- _WHAT YOU HAVE TO DO_
For the records below, copy exactly the span that begins at the line containing "Grupa AB ze" and stops after the line containing "bokomslag Sand County Songs", minus any pictures.
....................
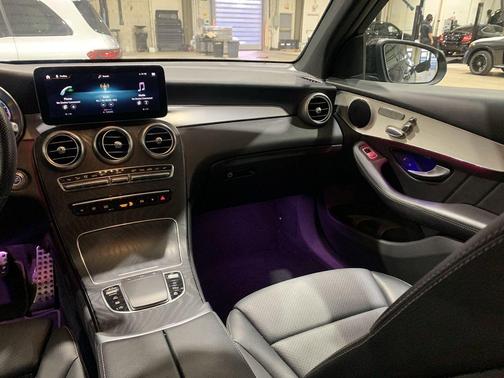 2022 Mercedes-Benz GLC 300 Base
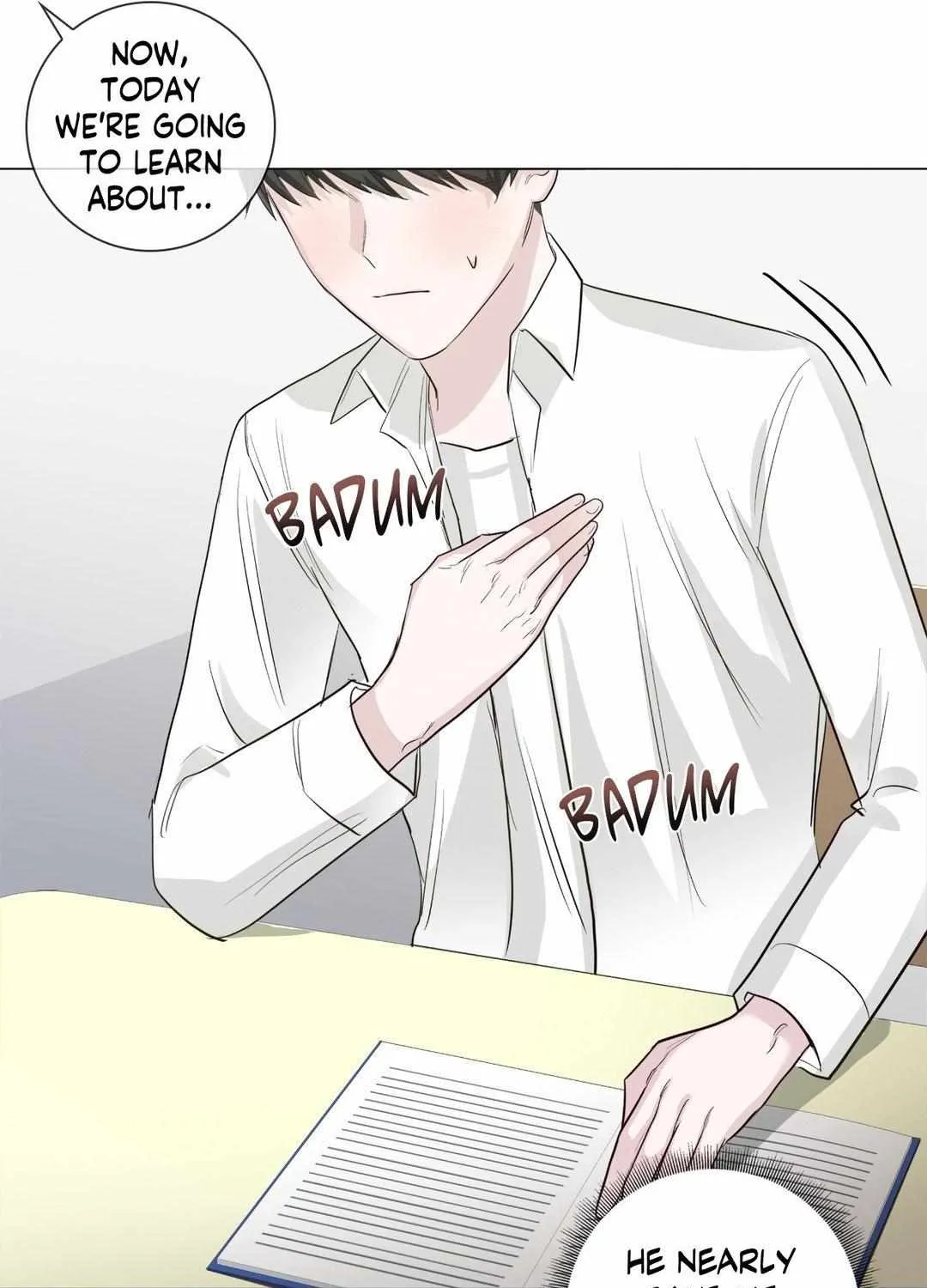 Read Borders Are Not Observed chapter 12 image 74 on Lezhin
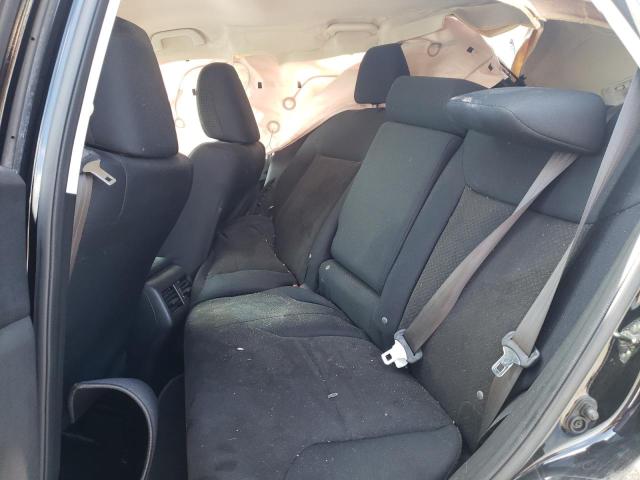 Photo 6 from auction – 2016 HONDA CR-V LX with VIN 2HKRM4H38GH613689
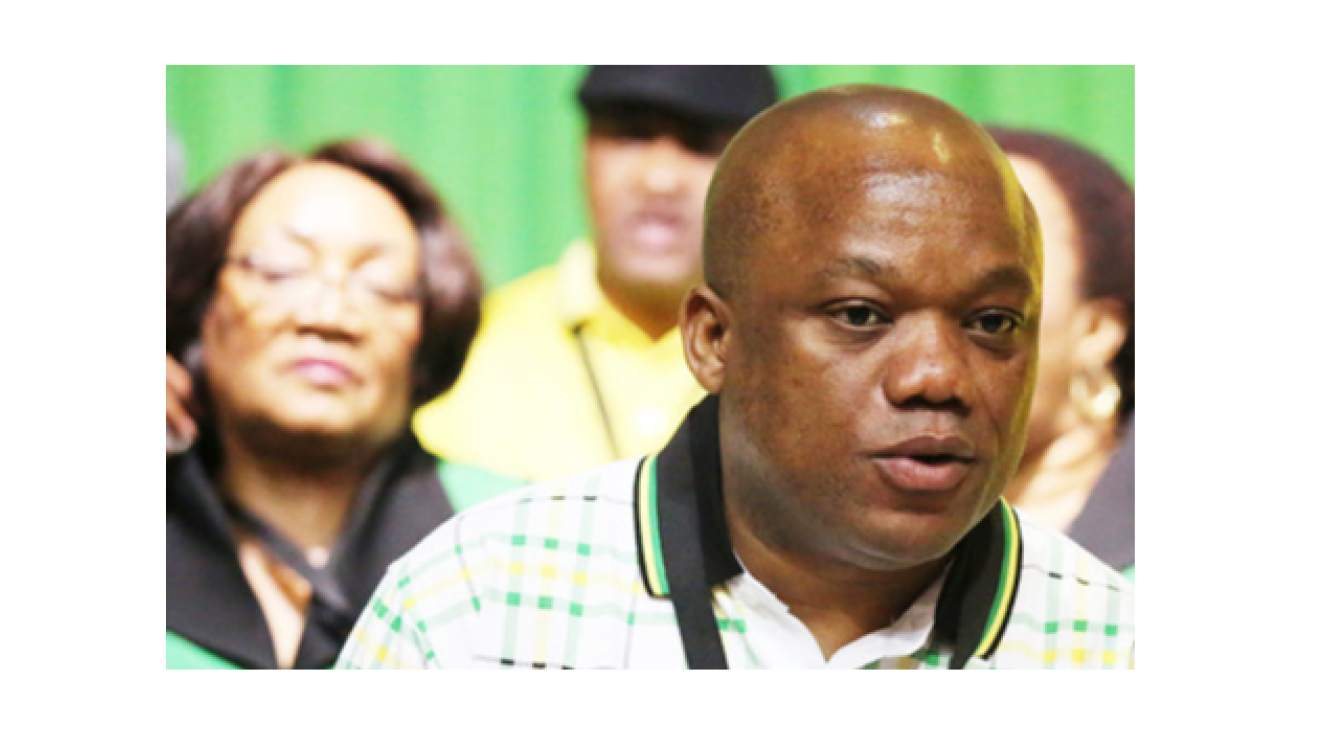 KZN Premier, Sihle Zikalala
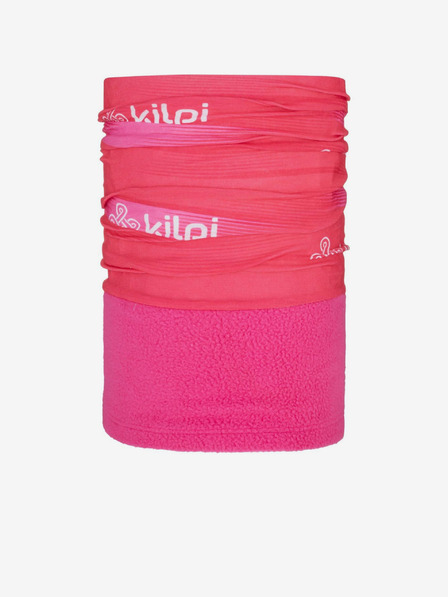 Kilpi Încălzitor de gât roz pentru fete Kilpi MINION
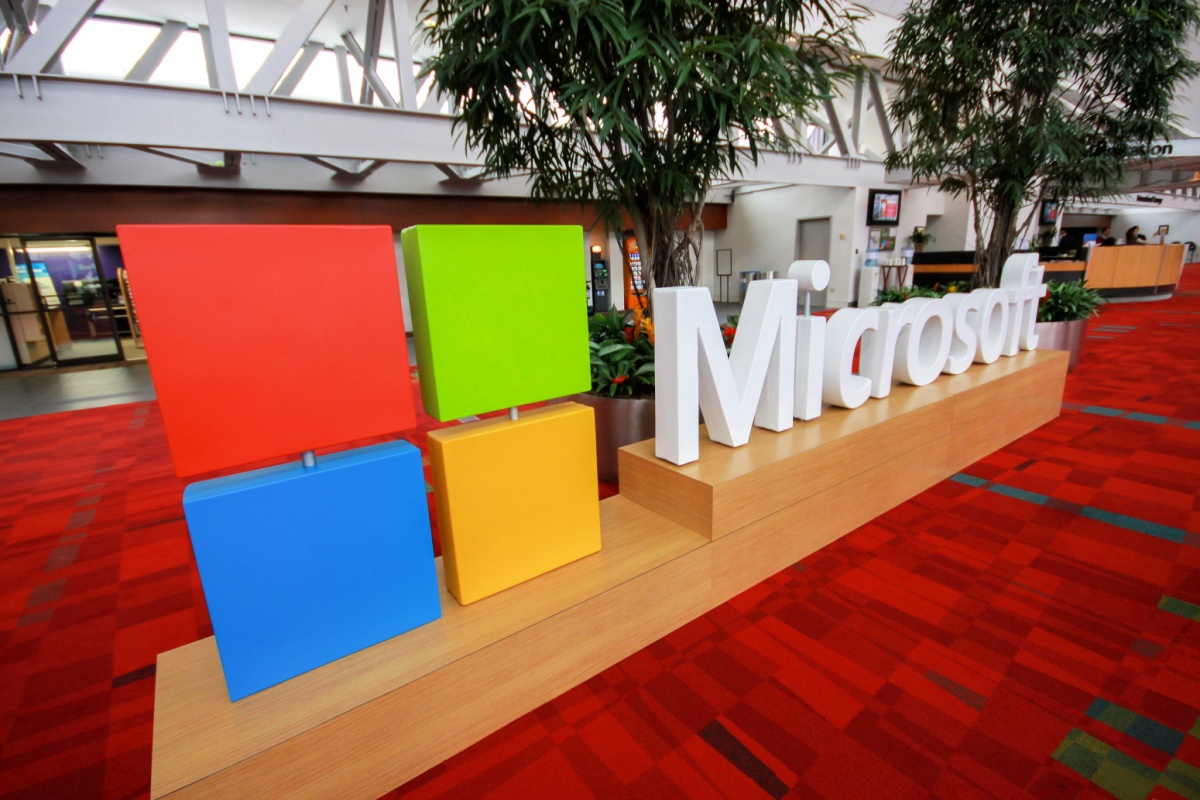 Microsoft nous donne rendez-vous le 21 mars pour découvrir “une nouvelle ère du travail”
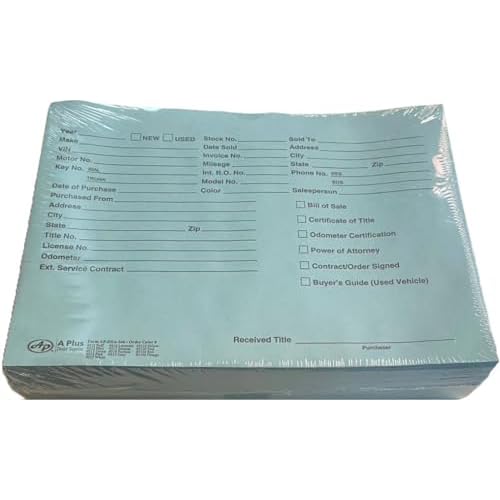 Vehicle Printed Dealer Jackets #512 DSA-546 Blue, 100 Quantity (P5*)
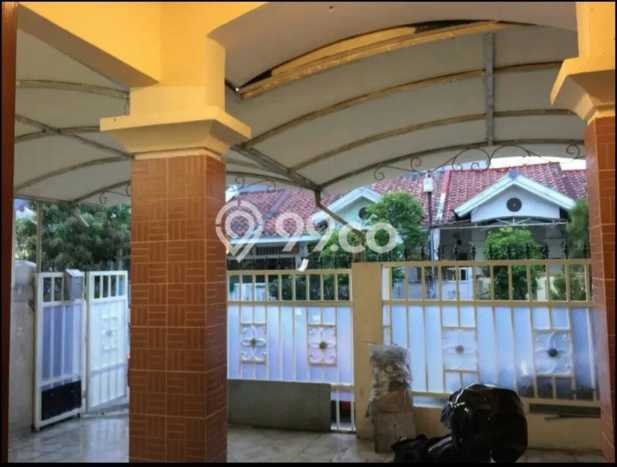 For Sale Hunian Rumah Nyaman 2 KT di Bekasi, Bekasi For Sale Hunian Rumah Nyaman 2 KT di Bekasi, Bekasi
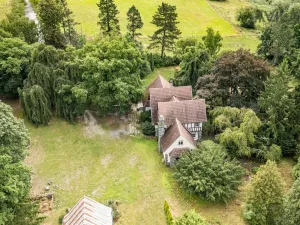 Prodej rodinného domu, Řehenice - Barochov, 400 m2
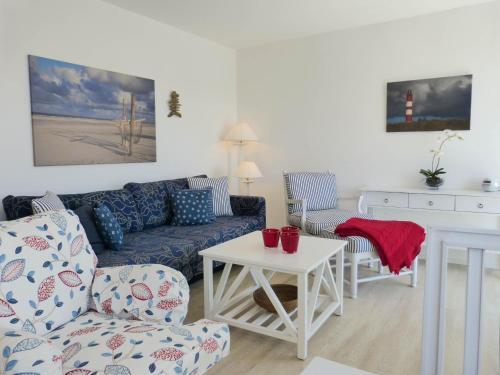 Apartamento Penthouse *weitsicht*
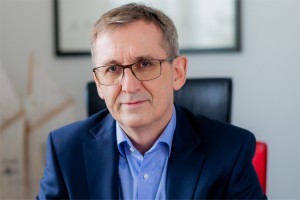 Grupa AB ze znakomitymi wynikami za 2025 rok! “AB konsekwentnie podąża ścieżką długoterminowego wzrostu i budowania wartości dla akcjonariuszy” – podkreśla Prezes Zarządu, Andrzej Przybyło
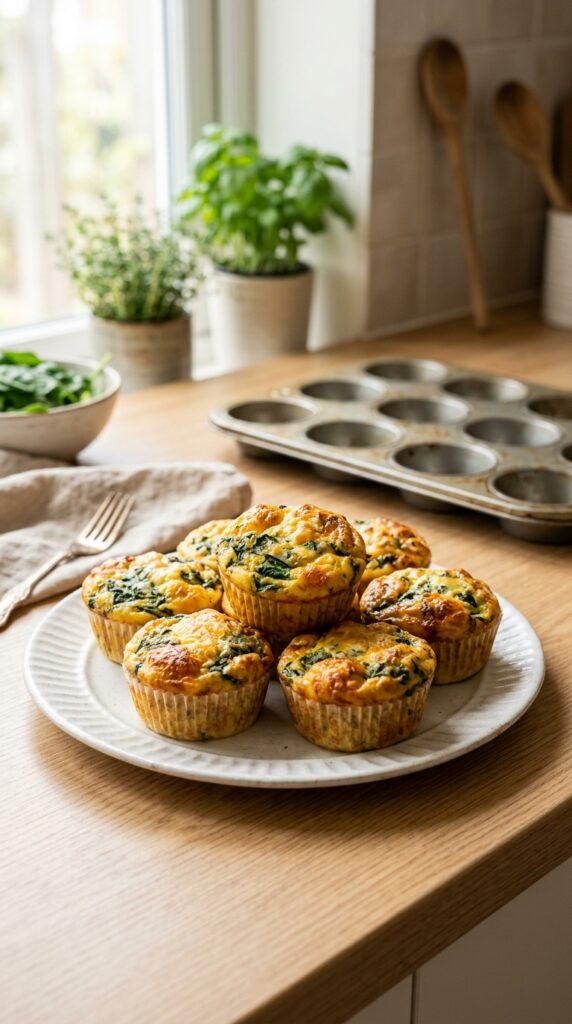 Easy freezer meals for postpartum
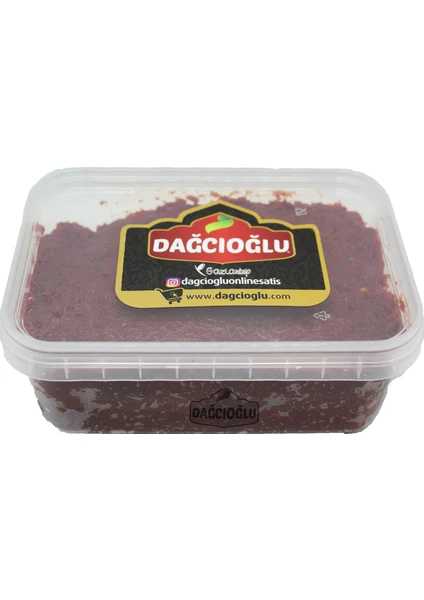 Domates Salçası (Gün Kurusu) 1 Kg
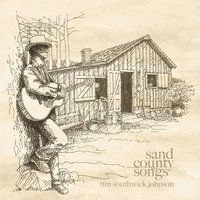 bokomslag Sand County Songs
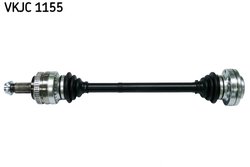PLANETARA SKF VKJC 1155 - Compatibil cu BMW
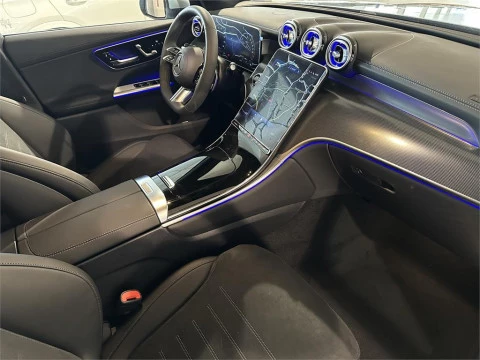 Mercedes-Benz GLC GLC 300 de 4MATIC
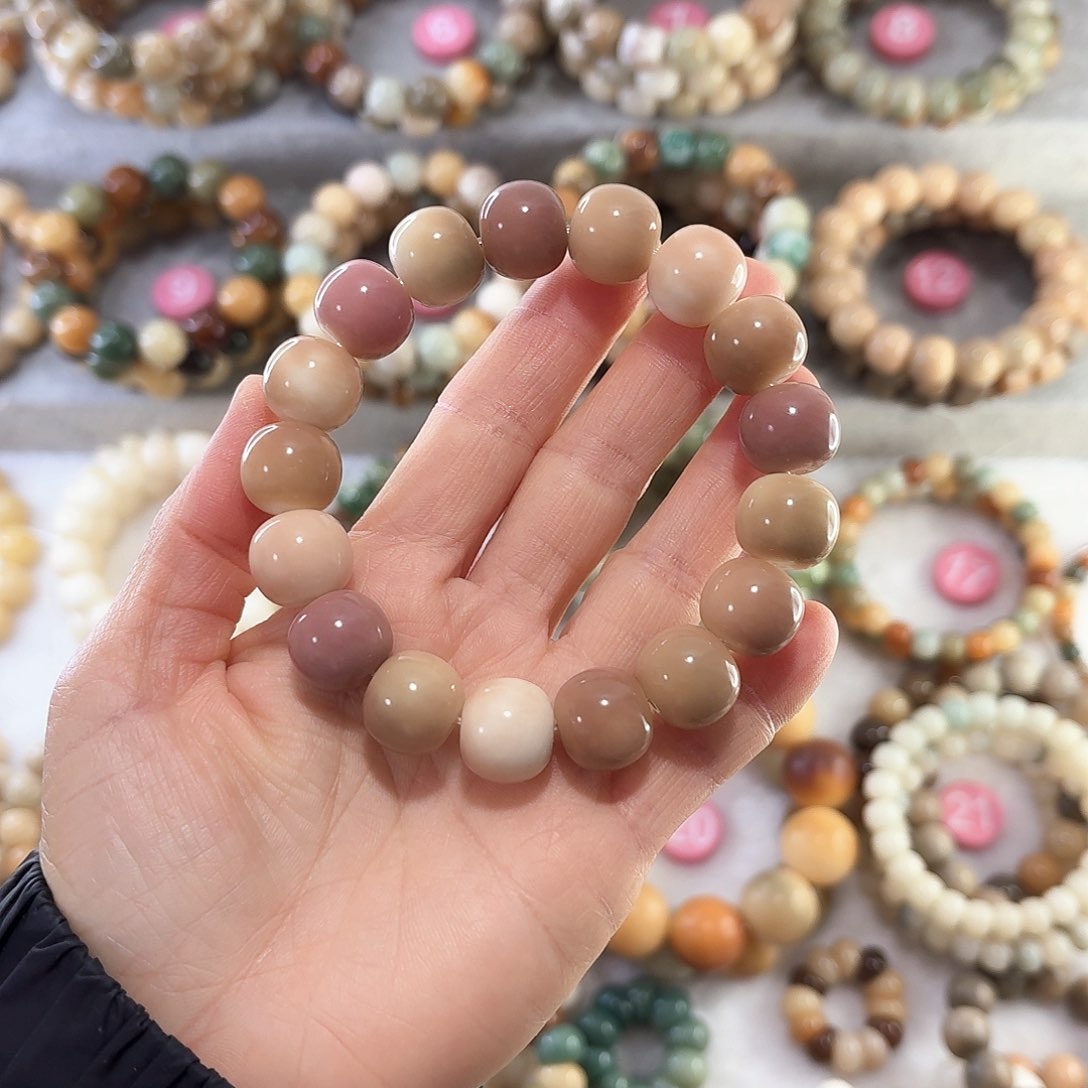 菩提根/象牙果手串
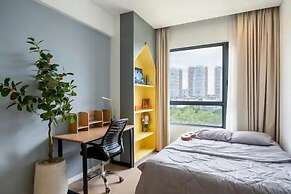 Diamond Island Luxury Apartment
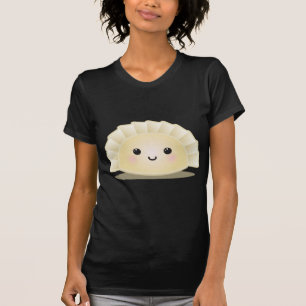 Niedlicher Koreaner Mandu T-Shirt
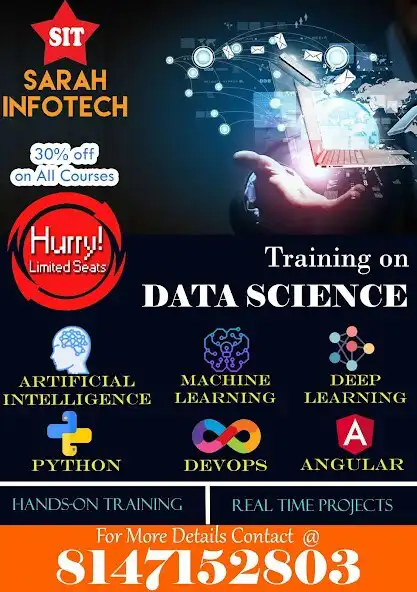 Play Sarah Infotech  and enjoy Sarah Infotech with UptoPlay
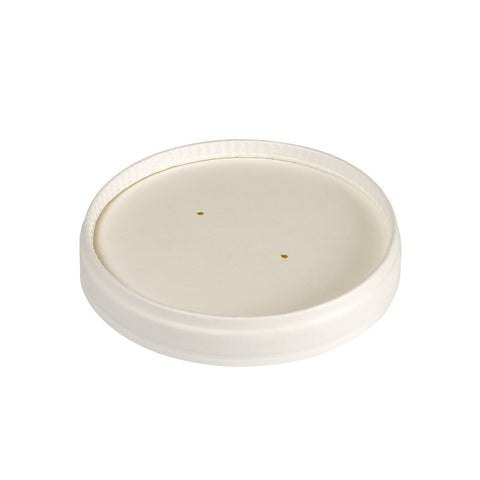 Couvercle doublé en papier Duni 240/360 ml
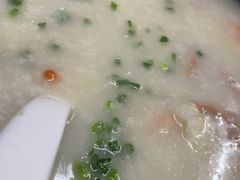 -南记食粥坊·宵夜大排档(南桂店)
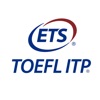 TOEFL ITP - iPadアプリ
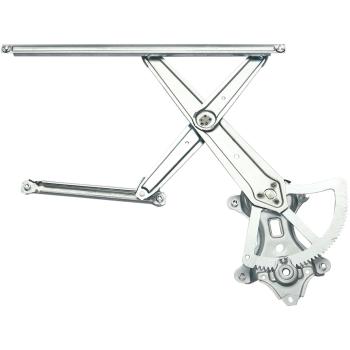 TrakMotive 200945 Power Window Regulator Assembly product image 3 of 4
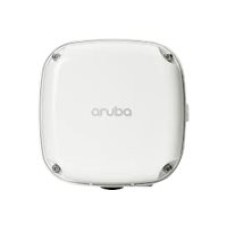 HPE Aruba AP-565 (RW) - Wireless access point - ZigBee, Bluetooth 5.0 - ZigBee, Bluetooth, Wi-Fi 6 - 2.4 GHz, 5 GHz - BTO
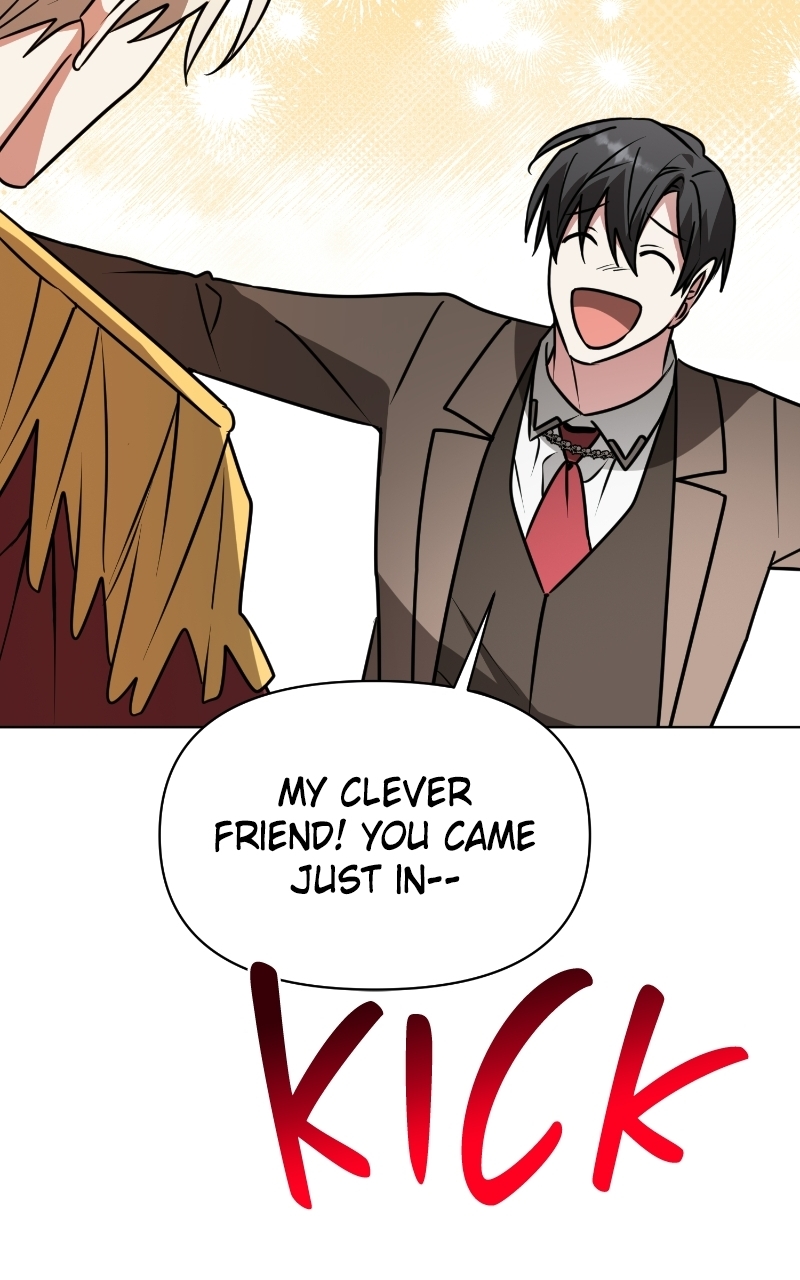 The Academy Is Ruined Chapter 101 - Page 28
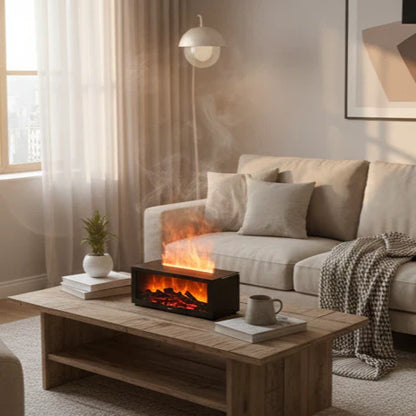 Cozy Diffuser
....................
- _SOLUTION_
 Grupa AB ze znakomitymi wynikami za 2025 rok! “AB konsekwentnie podąża ścieżką długoterminowego wzrostu i budowania wartości dla akcjonariuszy” – podkreśla Prezes Zarządu, Andrzej Przybyło
 Easy freezer meals for postpartum
 Domates Salçası (Gün Kurusu) 1 Kg
 bokomslag Sand County Songs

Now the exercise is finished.